**WHAT YOU HAVE TO DO**. Your answer must be an exact retyping of the line containing "Bulletproof Concealable Expanded" and every line after it through the end of the records below, with no pictures and nothing else.

[Web page caption snippets]
□ □ □ □

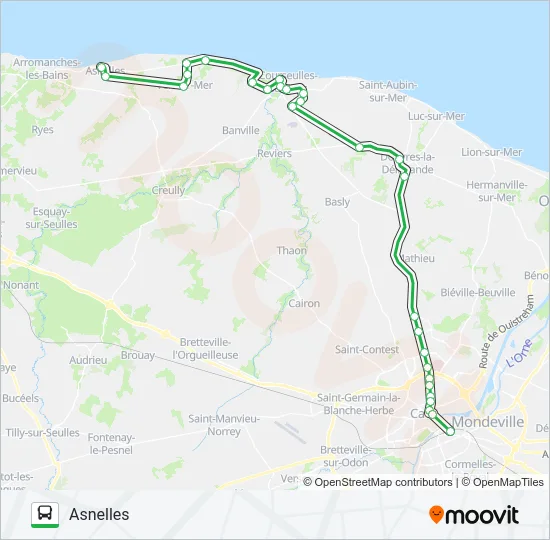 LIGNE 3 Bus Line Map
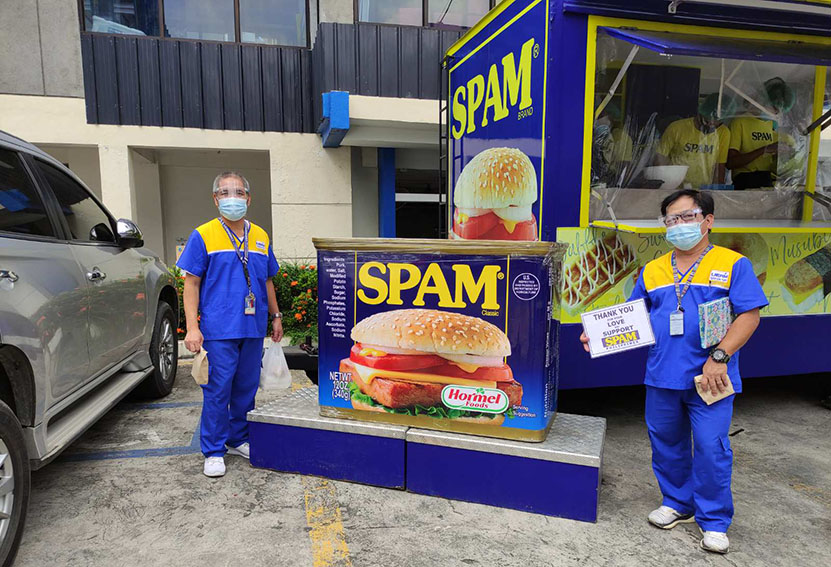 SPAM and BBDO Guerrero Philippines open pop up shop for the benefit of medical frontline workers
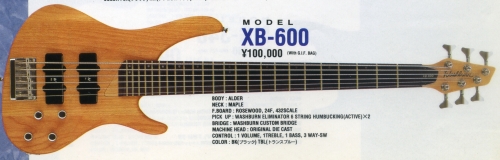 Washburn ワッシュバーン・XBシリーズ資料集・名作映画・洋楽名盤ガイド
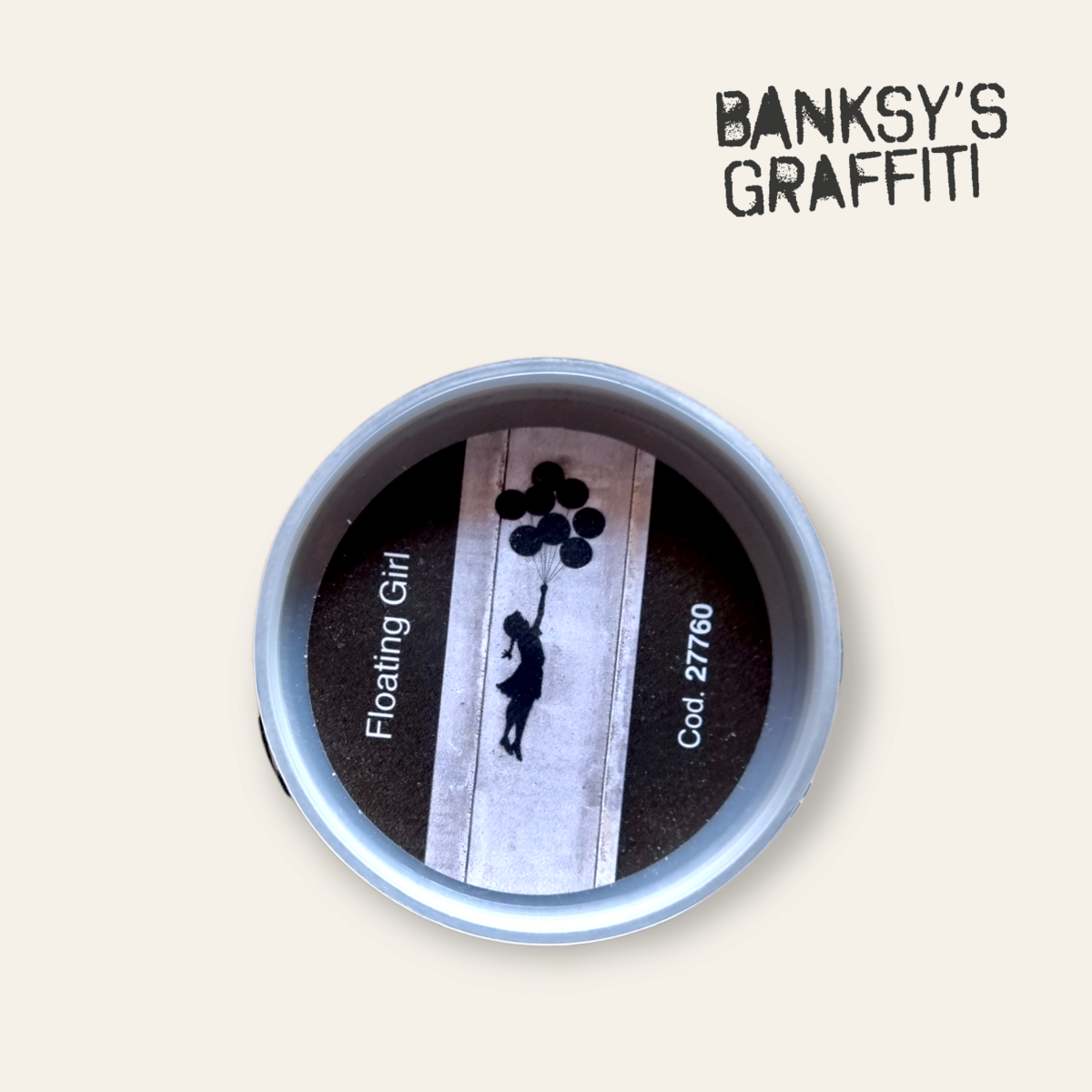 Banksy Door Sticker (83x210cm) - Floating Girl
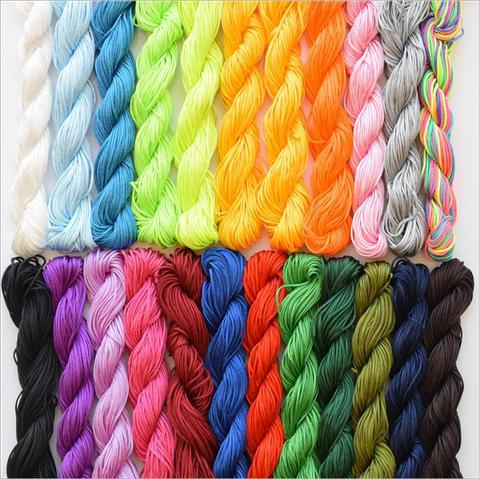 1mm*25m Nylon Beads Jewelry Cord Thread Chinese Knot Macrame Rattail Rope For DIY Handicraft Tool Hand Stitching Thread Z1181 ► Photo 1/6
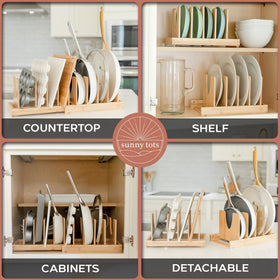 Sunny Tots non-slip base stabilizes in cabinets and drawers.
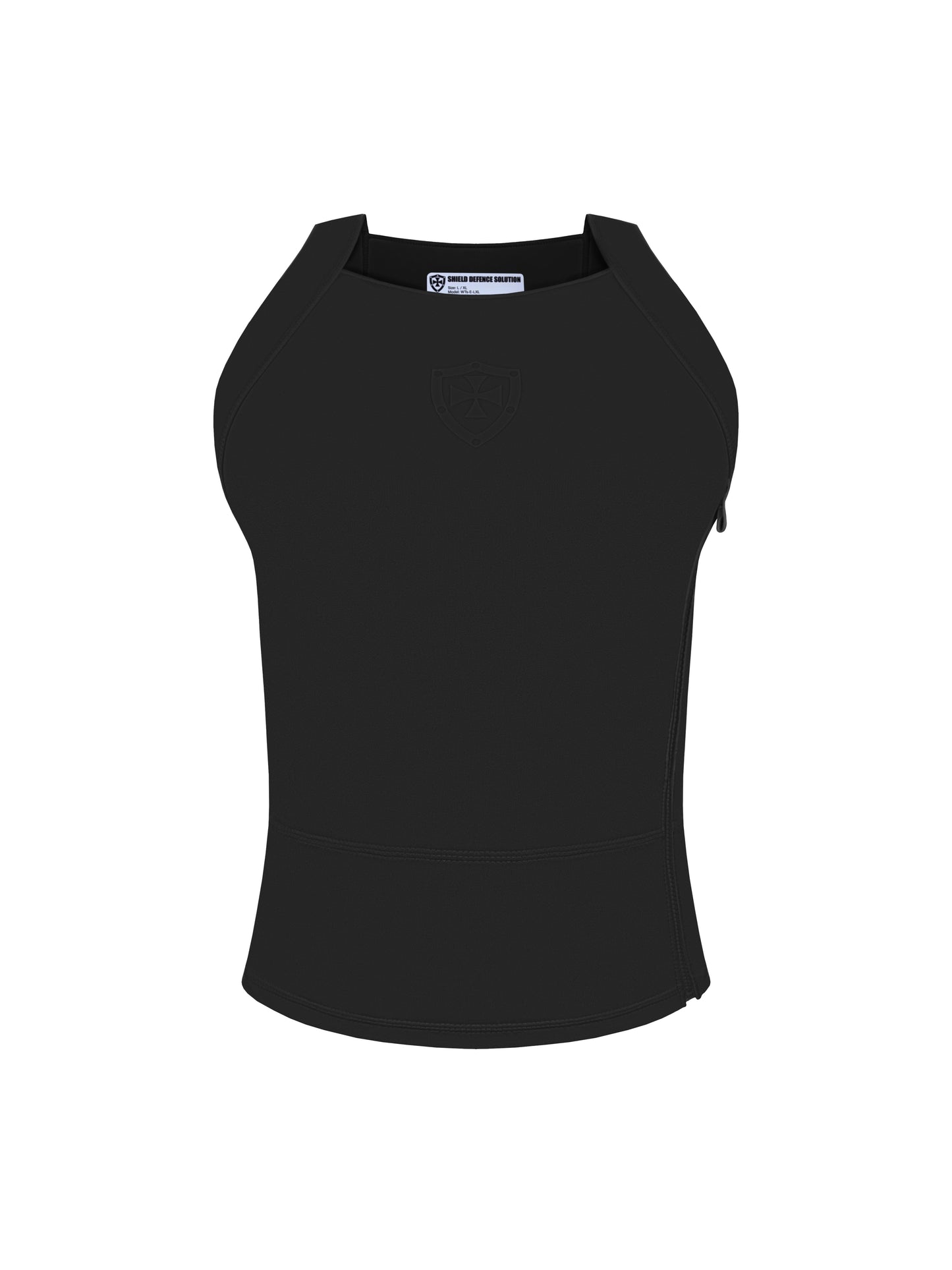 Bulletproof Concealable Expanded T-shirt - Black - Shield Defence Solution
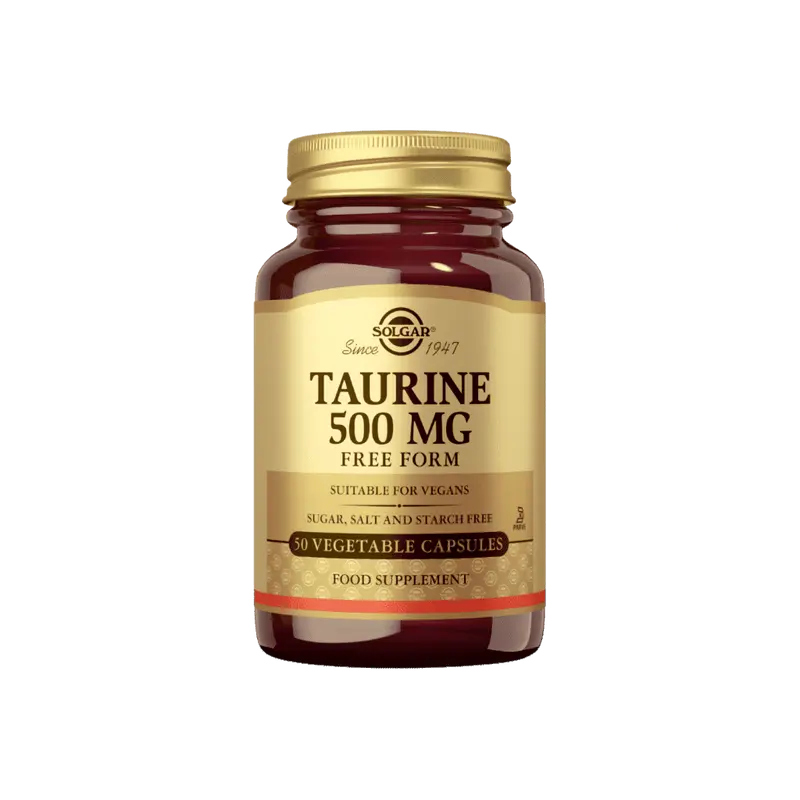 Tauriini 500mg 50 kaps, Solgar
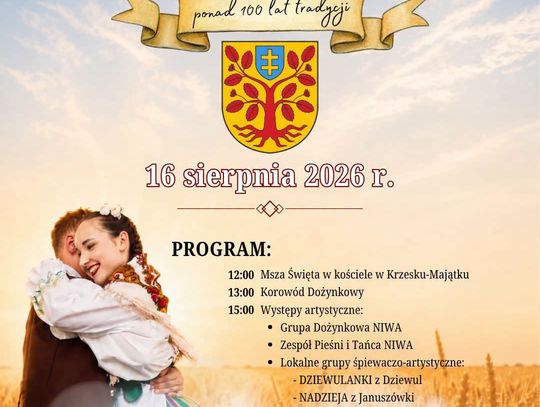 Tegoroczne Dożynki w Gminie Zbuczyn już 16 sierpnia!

□ □ □ □

**TASK ANSWER**.
 Bulletproof Concealable Expanded T-shirt - Black - Shield Defence Solution
 Tauriini 500mg 50 kaps, Solgar
 Tegoroczne Dożynki w Gminie Zbuczyn już 16 sierpnia!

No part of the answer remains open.